A Point of Contact Production

Photograbber, France
Pascal Tosi, Director
(Fiction- 19 minutes)

Film Review by Phillip Novak

In broad terms, the characters here are stock figures: a termagant wife, her passive, milquetoast husband, and the angelic ingénue with whom he has fallen in love.  But the work Photograbber does with these characters is anything but standard. Marcel, the husband, makes toys by hand; and he functions an artist figure. Because he has no power or control in the real world, he fashions worlds of his own in miniature where he can play out his fantasies: thus he has made a toy version of himself and one of Marie, the shop-girl ingénue. One day, while visiting Marie in her shop, he sees a new kind of camera, an instamatic, which he purchases as a present to his wife for her birthday.  When he first tries the camera on his wife, however, he discovers that it has the remarkable ability to capture, to remove from reality, whatever it takes a picture of.  His wife’s upper half disappears into the photo, where it/she remains alive. Marcel quickly starts appropriating the world with his camera. He sets up a gallery or theater of animated photos, with which he can amuse himself.  He puts on a black sequined jacket and happily presides as emcee over his little theater world. His crowning achievement, surely, is the capturing of a fire-works display, which adds a festive air to the ongoing performance in the theater.  The people Marcel has captured, however, are not happy—particularly his wife, who manages, in the film’s last scene, to get hold of the camera and turn it on Marcel, who disappears at film’s end.

What the film presents, of course, is a parable of postmodernity—that process by which contemporary reality got subsumed by representations. But Photograbber is much too interested in the technology of representation, which it uses strikingly in the production of its special effects, and it is much too whimsical, to function as an expression of anxiety about, or nostalgic lament over, the loss of the real.  If there’s a cautionary tale embedded in Marcel’s experience, it has to do with Marcel’s selfish motives and his disregard for others, not with the act of representation.
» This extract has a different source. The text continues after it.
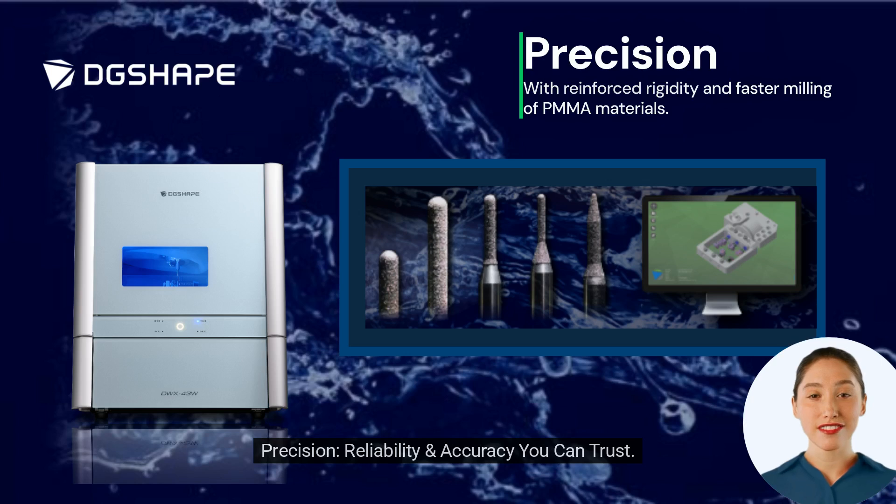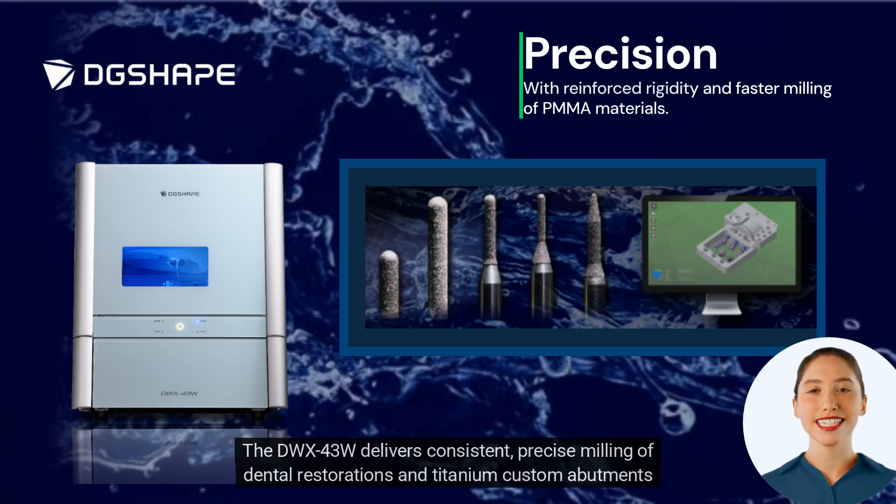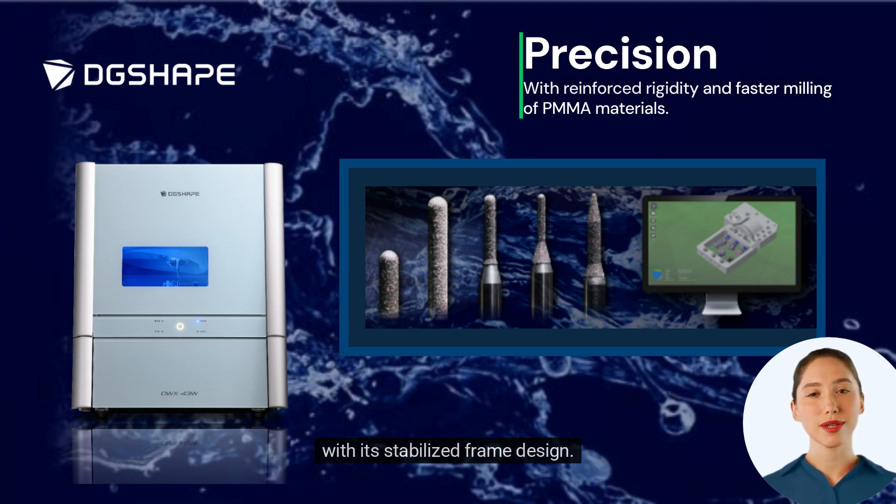Precision, reliability, and accuracy you can trust. The DWX43W delivers consistent, precise milling of dental restorations and titanium custom abutments with its stabilized frame design.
In the richness of its visual texture, in its whimsy, in its focus on the relation between reality and representation, in its love of the theatrical, Photograbber reminds one of Baz Luhrmann’s Moulin Rouge.  It is beautifully crafted, as befits a story about an artist, and visually stunning, a pleasure to watch.  It is funny, fun, and clever. The actor who plays Marcel, Michel Cremedes, diminutive and doll-like himself, seems as though he could have been appropriated from the films of a much earlier epoch—a Melies short, perhaps, where the character he plays would have been right at home.